To explain the title: I'm both content and not. It's like when you look at a beautiful peace of wood, all put together, but inside perhaps there are termites slowly nibbling it until it collapses. I guess that is how I am most of the time. Nobody knows how hard it really is for me to keep it all together and be normal. That will soon change. Once we are moved out to Hawaii Kai, I'm going to join 24 HR Fitness, attend work-out classes or hire a personal trainer, then schedule an appointment with a psychologist. I'm going to get better one way or another, damn it. I was uploading videos from my trip to Italy to see Katie and watching other ones and it really made me sad to think fun spontaneous moments like all of them could really be gone. Or rather, are gone. It's not like I'm at ISU anymore or can just hang out with them whenever. I miss having friends so much. It's like that awesome part of my life just left...except I'm the one who did. Why...

Realistic Updates

Since I haven't really written anything substantial since like July, I figured I should get on it. Let's see...after that July post, I kept being torn about what to do with myself, the James and Matt situation, etc. Right before I flew back in September to visit everybody, Matt and I broke up. I had enough of our fighting and I just wasn't in love with him. But I had fun seeing all my friends again. But I also had a bad time cause Sam told me about Jennifer cheating on him and I got caught in the middle of it that night. I held Sam as he cried on my shoulder about it. The rest of my stay was hard cause of Dad still being upset about my leaving. So I got high the whole time I was home to block it out. I had a breakdown driving back to LaSalle after leaving Jennifer and Sam's place cause Dad was being a jerk again. I had to call Sarah to calm myself down. It was bad. Everything I had been trying to keep down just overflowed. After that I flew back to Hawaii and...

Another down day

I hate being here. I hate being alone.
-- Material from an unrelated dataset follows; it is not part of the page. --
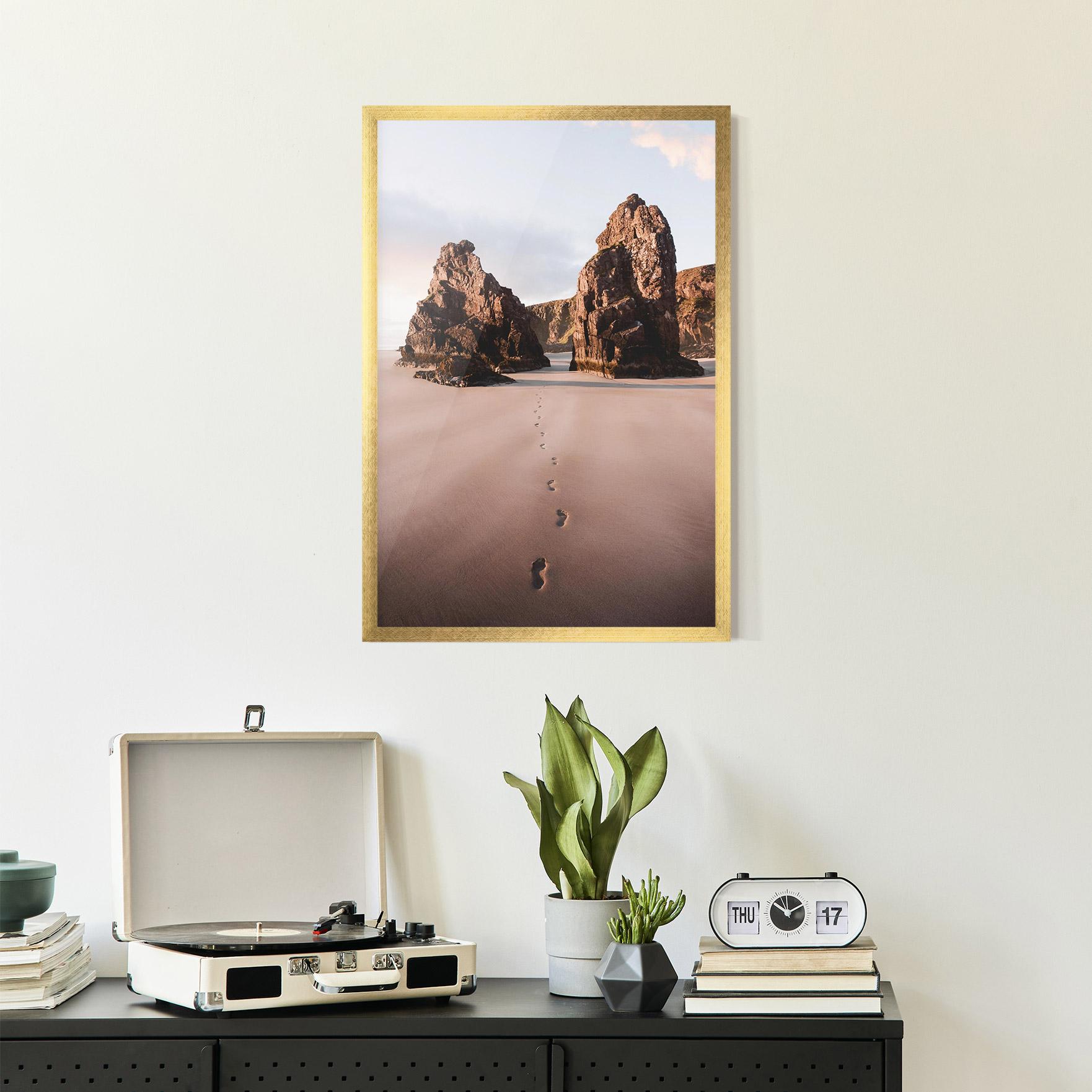 Keretezett Poszter Sand Mark mockup 2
I hate reaching out constantly with stupid Facebook posts and stupid IMs only to feel like I'm annoying people, that they don't want to hear from me, that they are reading my status and comments and just rolling their eyes and thinking, "Oh come on, Christ." I hate that I invited stupid Ashley out here and she just soaked up her free trip, let James pay for the meals and everything, and just left and doesn't even care. I hate that nobody else even wants to try to come out, or take me up on the free trip. That's the only way I could get their ass to come, is if I pay. I have to pay to have fucking friends. I hate the point I am in my life. I'm out in Hawaii chasing James cause I have nothing else in my life. I can't pay to get back into college. If I went home, I'd have to find a stupid joke of a job, probably still chase after friends and fun, and really have no place in their lives anymore. I hate that I...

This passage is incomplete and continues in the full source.